How is it connected across the farm and beyond?

(Photo: Large Red Damselfly by Graeme Davis)

While we have many healthy hedges, there is always room for more trees in the landscape! Over the last 2 years we have planted more than 10,000 trees.  Some of these are productive trees (50 walnut, plum and pear, 100 apple and 450 cob) but most have been planted for their ecosystem benefits.  We have added over 500 m of new hedges which break up some of our larger fields, help to reduce run off, provide shelter to the cattle in the winter and, perhaps more importantly, provide shade for them in the summer.  Once the hedges are big enough, they will add diversity to the cows’ diets, as we see from our existing hedges.

(Photo: planting a 2,000+ hedge with Stroud Valleys Project)
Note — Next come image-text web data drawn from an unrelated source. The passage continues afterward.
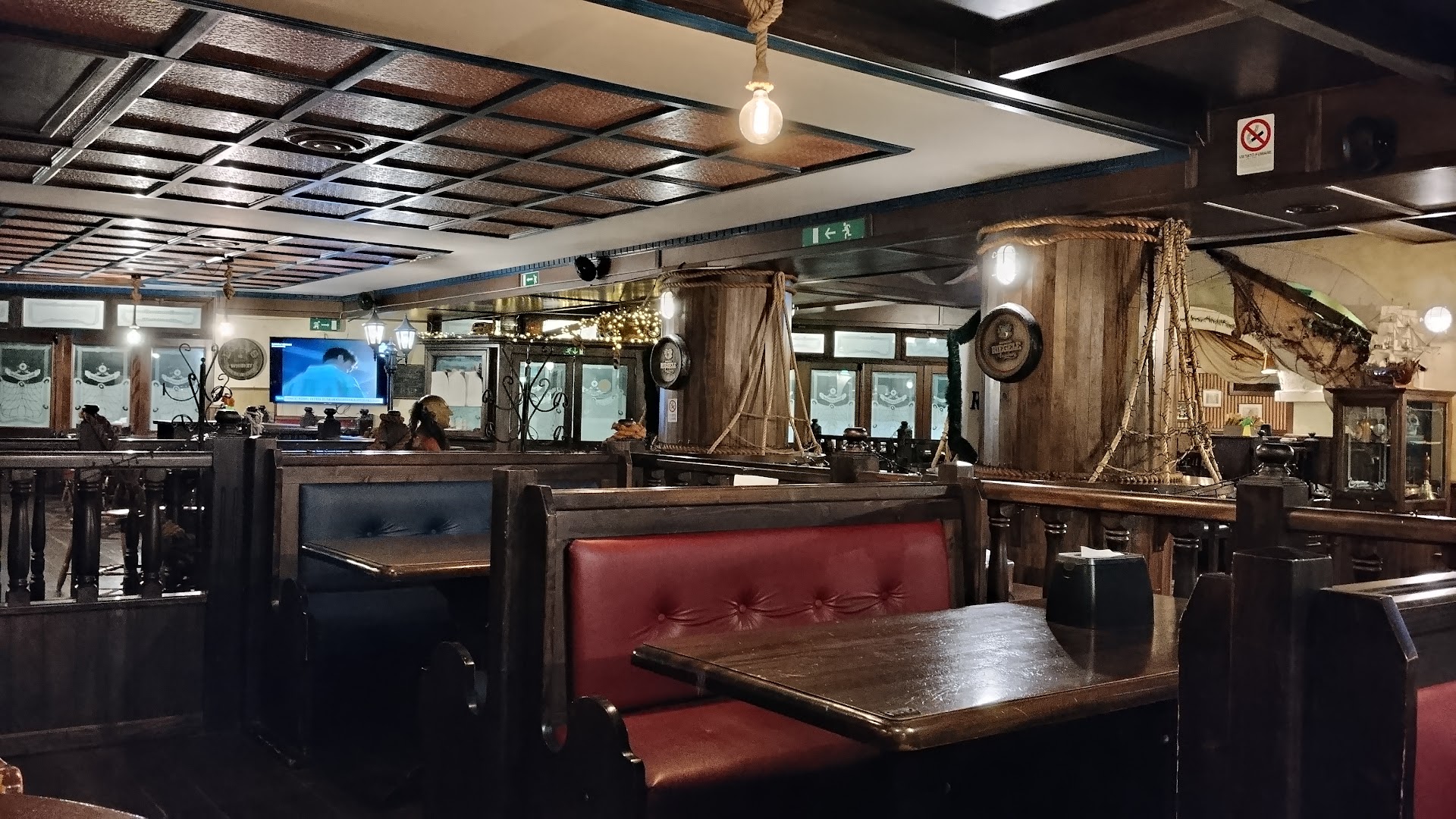 Ristorante San Cristobal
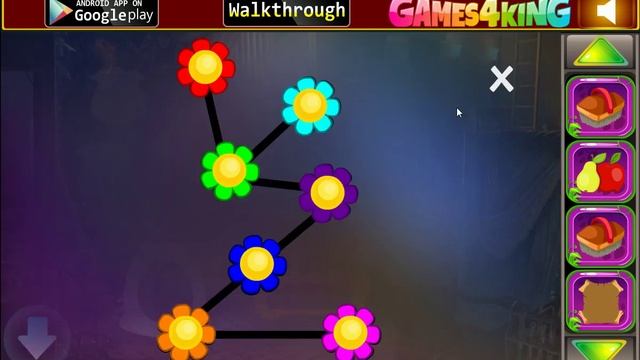 G4K Braided Dog Escape Game Walkthrough смотреть онлайн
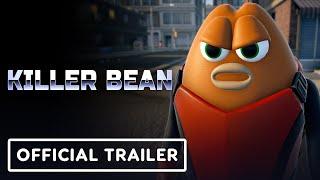 Killer Bean - Official Summer Game Fest 2024 Extended Trailer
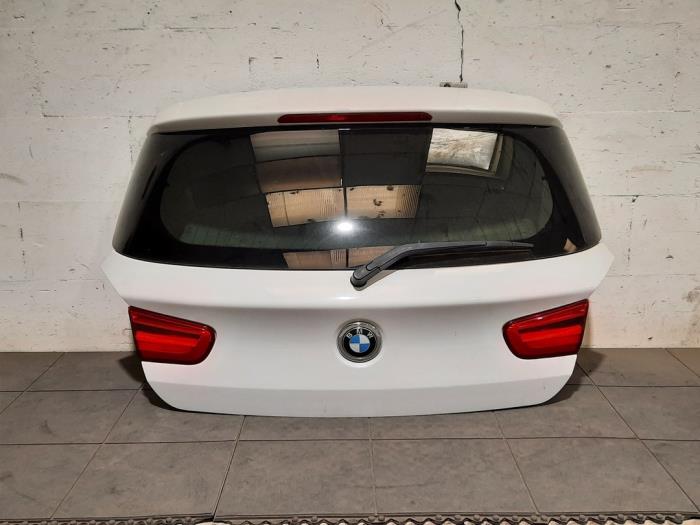 Hayon BMW 1-Série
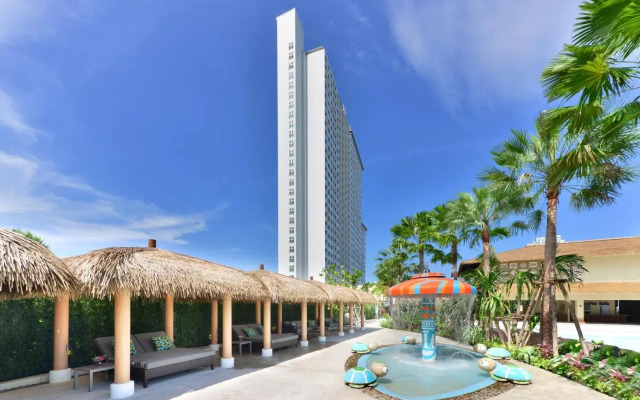 Centre Point Prime Hotel Pattaya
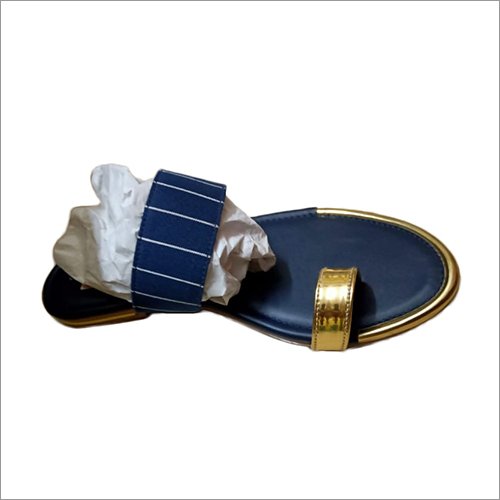 Ladies-Flat-Sandal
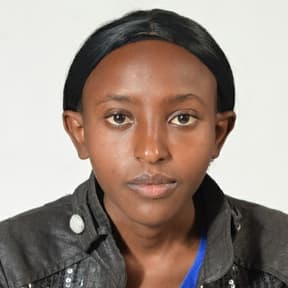 Peris Karanga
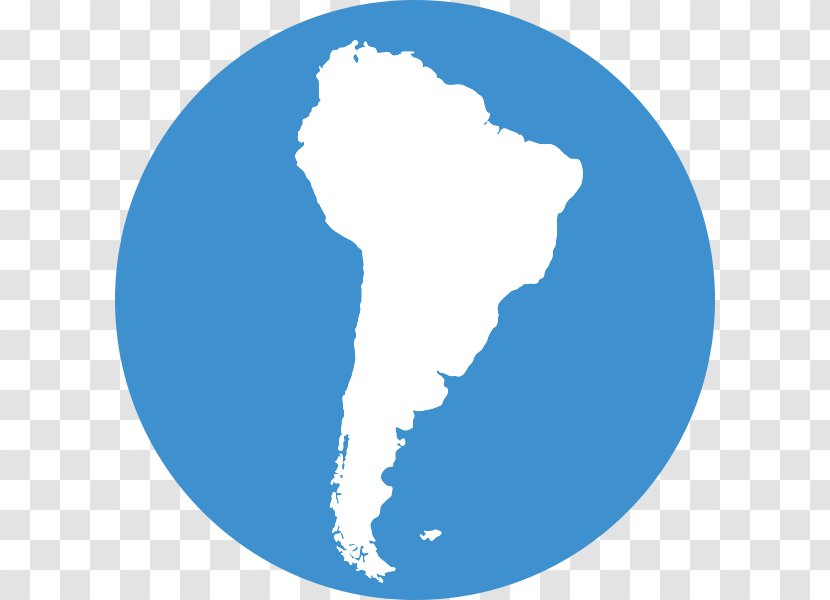 South America Latin Globe Map Clip Art Transparent PNG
We are also planting tree clusters as a way of incorporating more trees in fields (as opposed to only on the periphery).  These are a combination of oaks surrounded by thorns to reduce the risk of deer browsing.  They will also provide the same shade / shelter / forage for the cows once mature.

What are the benefits to the farm and is it increasing its climate and business resilience? If so, in what way?

Our Pasture for Life livestock operation is largely independent of external inputs. Almost all our risk is managed within our pastures on the farm. We had been hiring a bull in from a neighbouring farm but have recently decided that we will have our own bull. Our permanent pastures with diverse swards add to the resilience of the meat box enterprise; not solely relying on, for example, a rye and clover mix to perform well and produce in times of extreme weather conditions.

We decided to outwinter our animals as we have land that can sustain the herd in the winter and breeds that are happy to be outside year long.  We don’t need barn space to house them or to make as much hay to feed them.  The disadvantage of this approach, from the market garden’s perspective, is that we have no muck for them come spring!

(Photo: 16 Spotted Ladybirds by Graeme Davis)

At the farm level, the livestock enterprise is one of 5 which itself lends to the farm being more resilient.  It also means that we can develop relationships with customers across lots of different products.  We have a stall at Stroud Market and, while we primarily sell vegetables there, it is also an opportunity for us to talk about our meat boxes as well as our fruits and nuts.